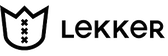 Lekker Bikes - Logo featuring a stylized tulip and the word "Lekker" in outlined letters.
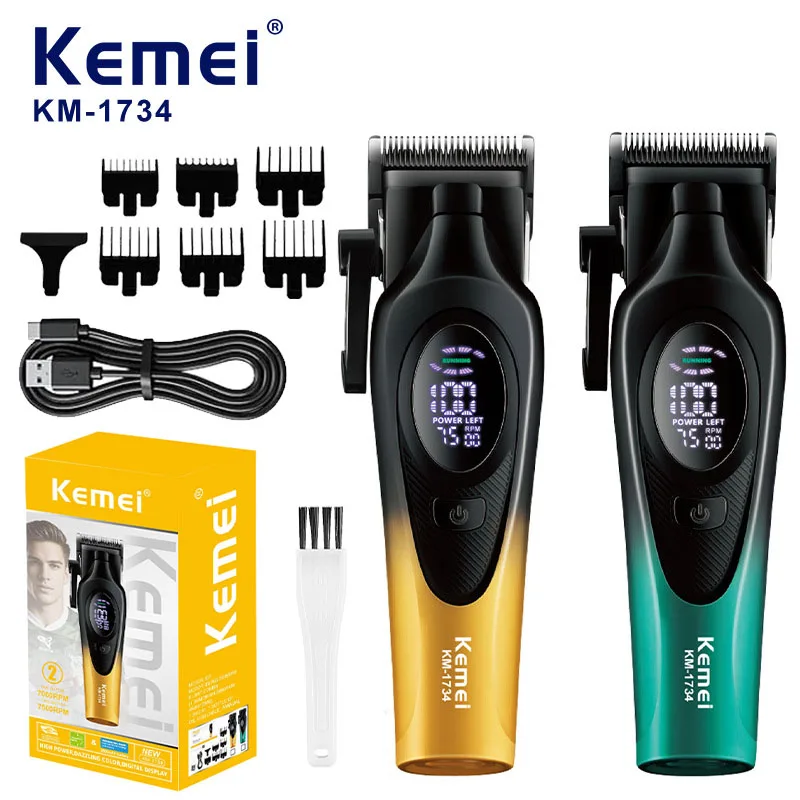 

Kemei KM-1734 Hair Trimmer for Men DLC Blade T-Blade 7500RPM Full Metal LCD Display Low Noise Professional Finishing Machine
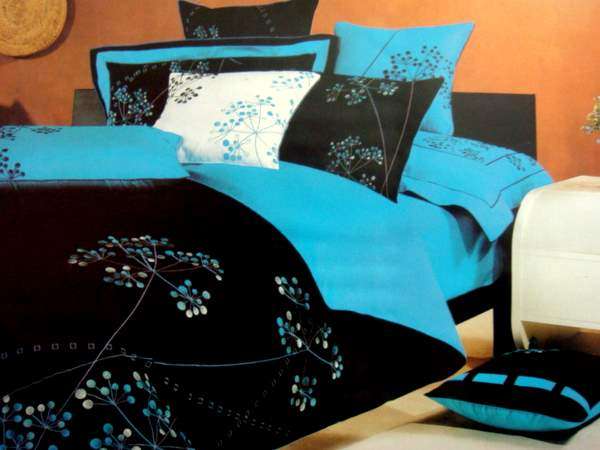 Elegant  double bed  imported   Embroidered  cotton Duvet Set (6 Piece  blue and black )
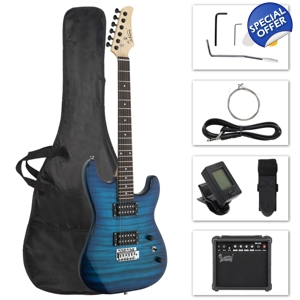 Glarry GST Electric Guitar HH Pickup Tiger Stripe w/20W Amplifier Blue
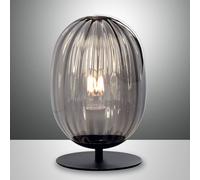 Fabas Luce Lámpara de mesa Infinity, pantalla vidrio curvada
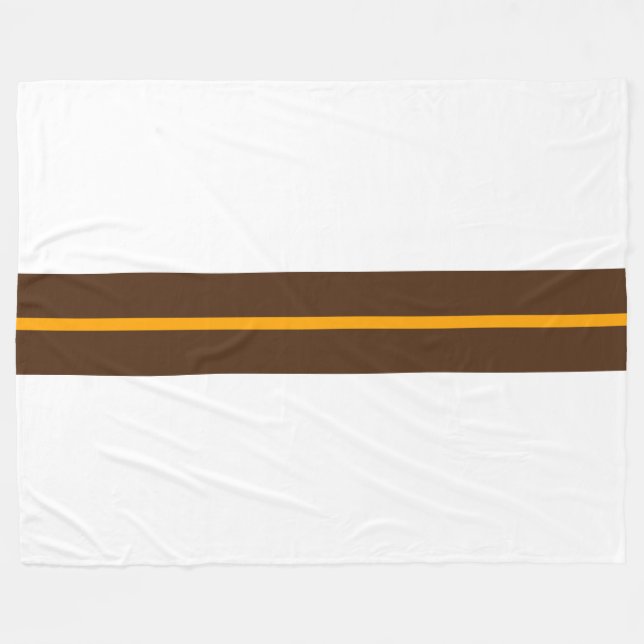 Slim Cocoa Brown Gult Tävla Rand på vitt Fleecefilt (Framsidan (Horisontell))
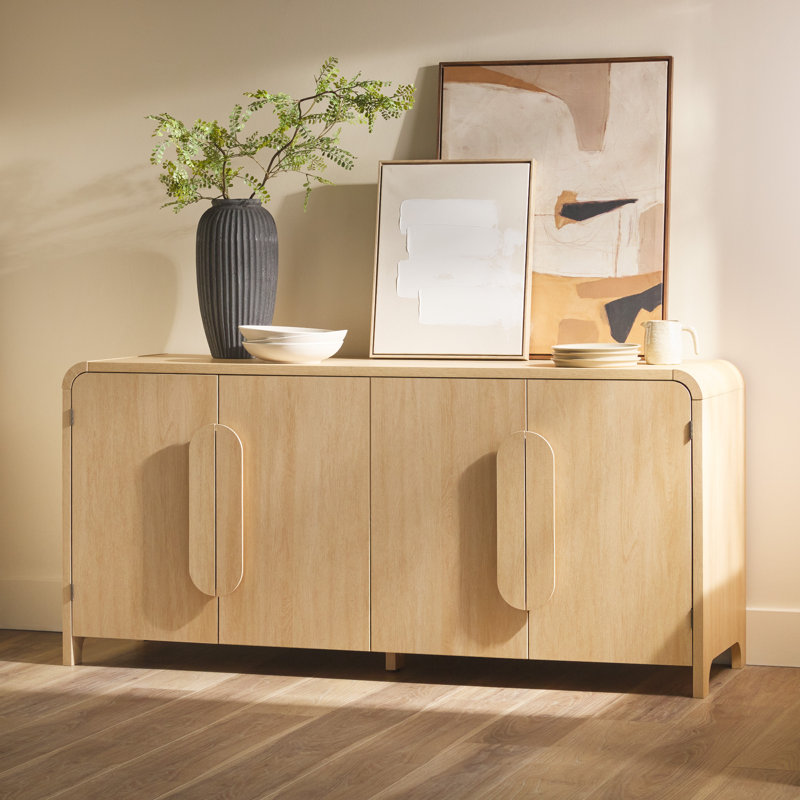 Sitarski Modern Sideboard with Rounded Edges, 30'' H x 64'' W x 20'' D, Coastal Oak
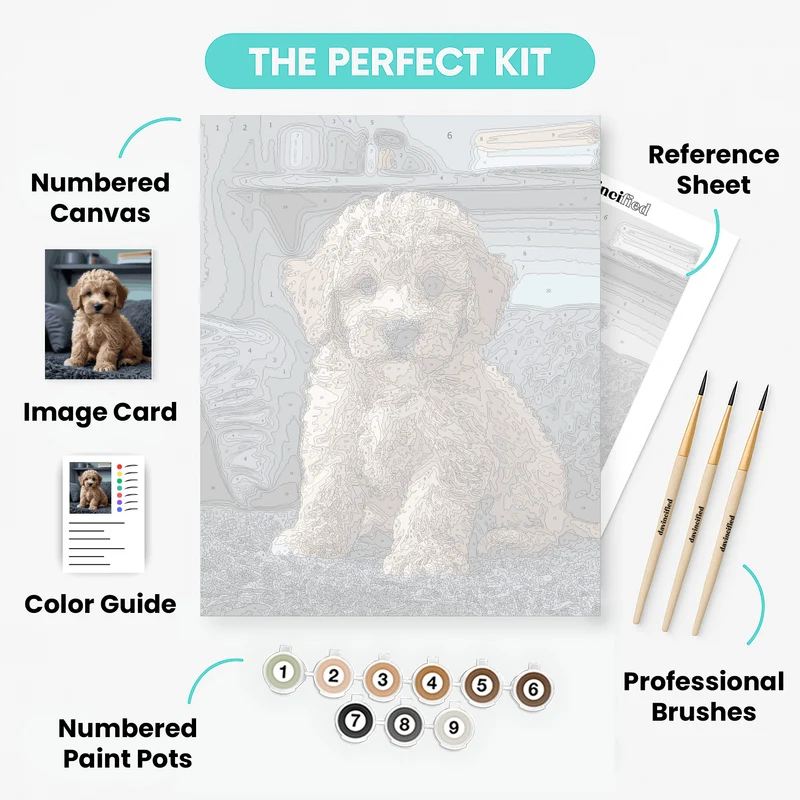 Fluffy Cavapoo Puppy on Gray Blanket - Paint by Numbers Kit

§ §

# Required action
Output a precise copy of the entries, leaving the images out.

# Completed task
 Lekker Bikes - Logo featuring a stylized tulip and the word "Lekker" in outlined letters.

Kemei KM-1734 Hair Trimmer for Men DLC Blade T-Blade 7500RPM Full Metal LCD Display Low Noise Professional Finishing Machine
 Elegant  double bed  imported   Embroidered  cotton Duvet Set (6 Piece  blue and black )
 Glarry GST Electric Guitar HH Pickup Tiger Stripe w/20W Amplifier Blue
 Fabas Luce Lámpara de mesa Infinity, pantalla vidrio curvada
 Slim Cocoa Brown Gult Tävla Rand på vitt Fleecefilt (Framsidan (Horisontell))
 Sitarski Modern Sideboard with Rounded Edges, 30'' H x 64'' W x 20'' D, Coastal Oak
 Fluffy Cavapoo Puppy on Gray Blanket - Paint by Numbers Kit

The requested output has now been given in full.